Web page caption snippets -
*** Begin section ***

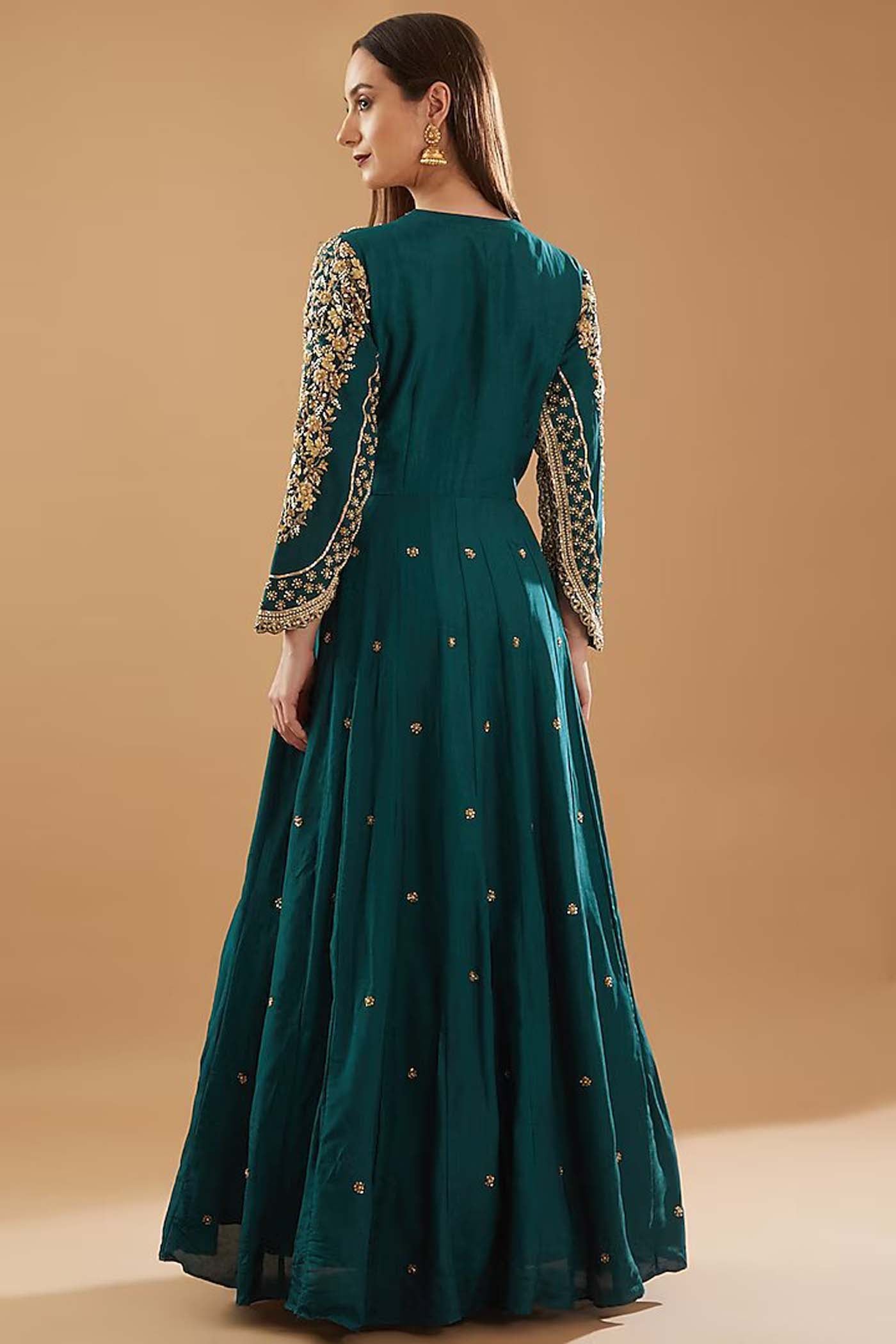 Rama Green Anarkali with heavily embroidered yoke and sleeves with a dupatta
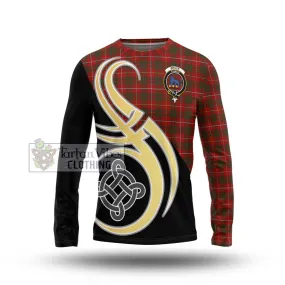 Bruce Tartan Long Sleeve T-Shirt with Family Crest and Celtic Symbol Style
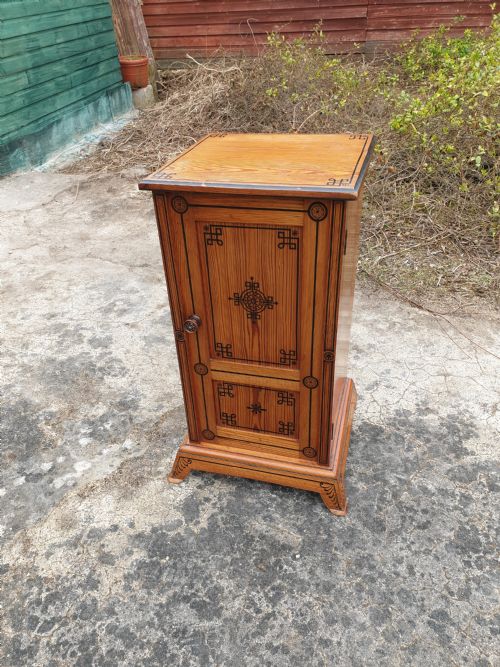 Nicely Decorated Pitch Pine Bedside Cabinet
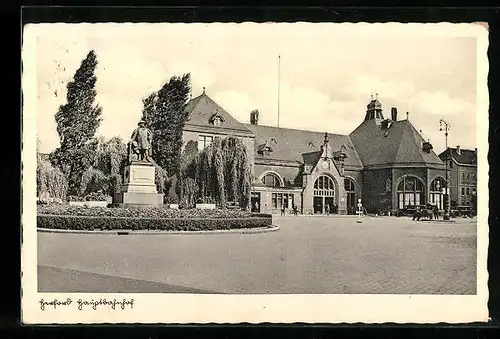 AK Herford, Kurfürstendenkmal und Hauptbahnhof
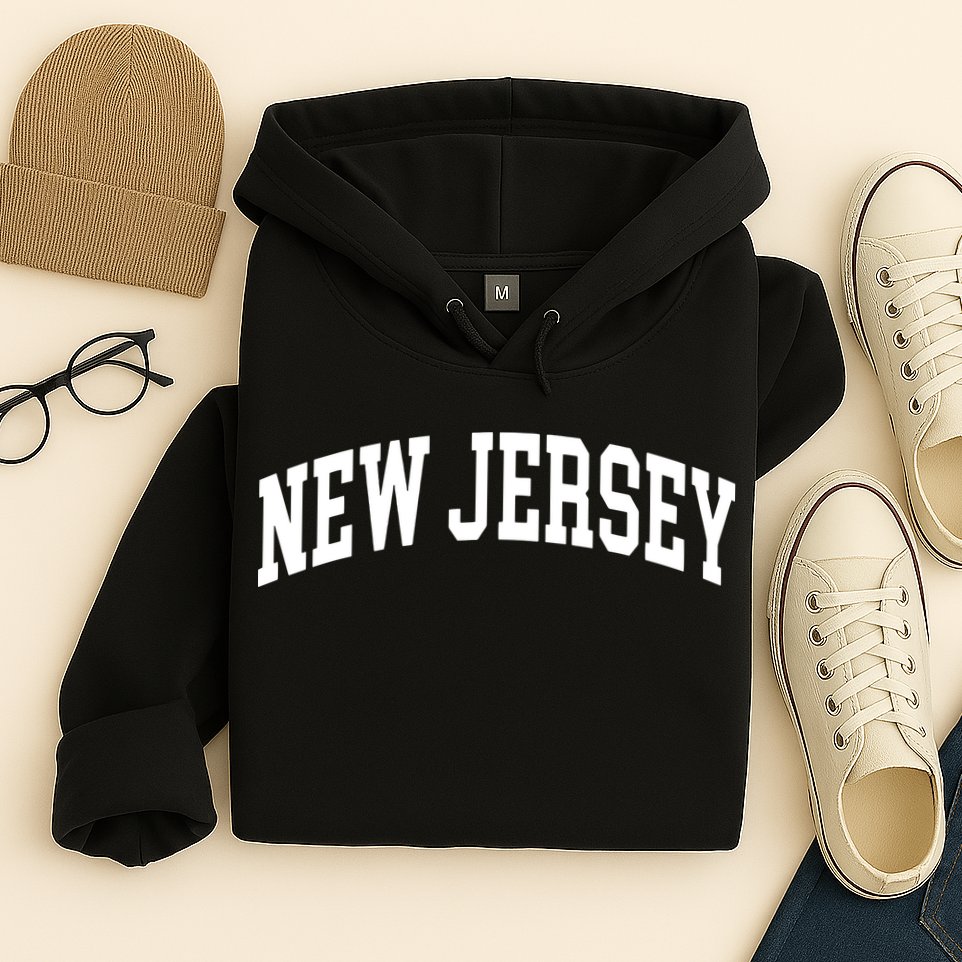 New Jersey Throwback Design Print Classic Hoodie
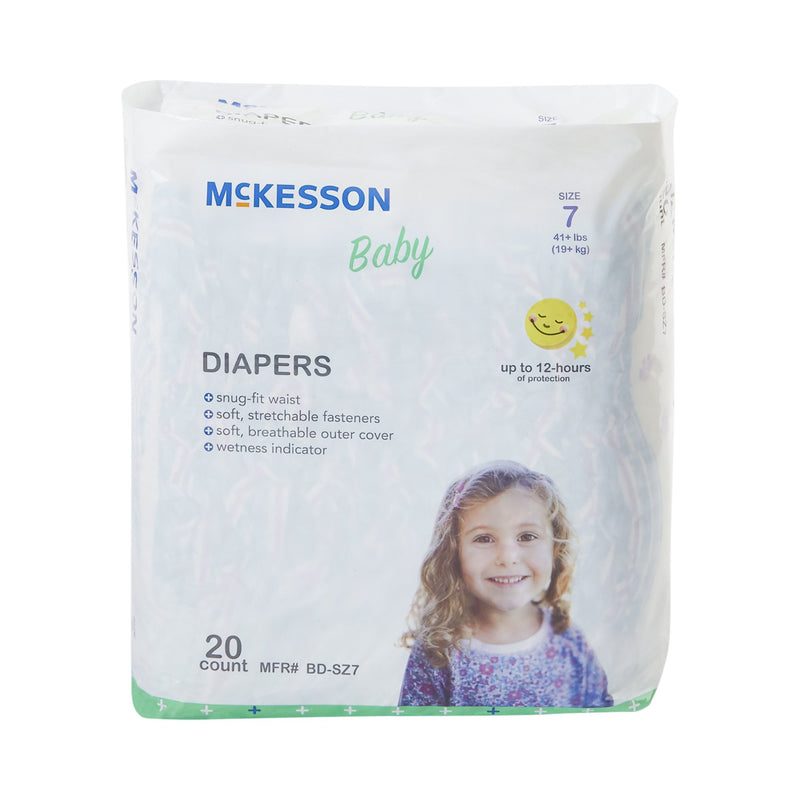 McKesson Unisex Baby Diaper Size 7 Disposable Heavy Absorbency (1144480_BG) 1/BG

*** End section ***

Reproduce every record above exactly, omitting the pictures.

Exercise answer -
 Rama Green Anarkali with heavily embroidered yoke and sleeves with a dupatta
 Bruce Tartan Long Sleeve T-Shirt with Family Crest and Celtic Symbol Style
 Nicely Decorated Pitch Pine Bedside Cabinet
 AK Herford, Kurfürstendenkmal und Hauptbahnhof
 New Jersey Throwback Design Print Classic Hoodie
 McKesson Unisex Baby Diaper Size 7 Disposable Heavy Absorbency (1144480_BG) 1/BG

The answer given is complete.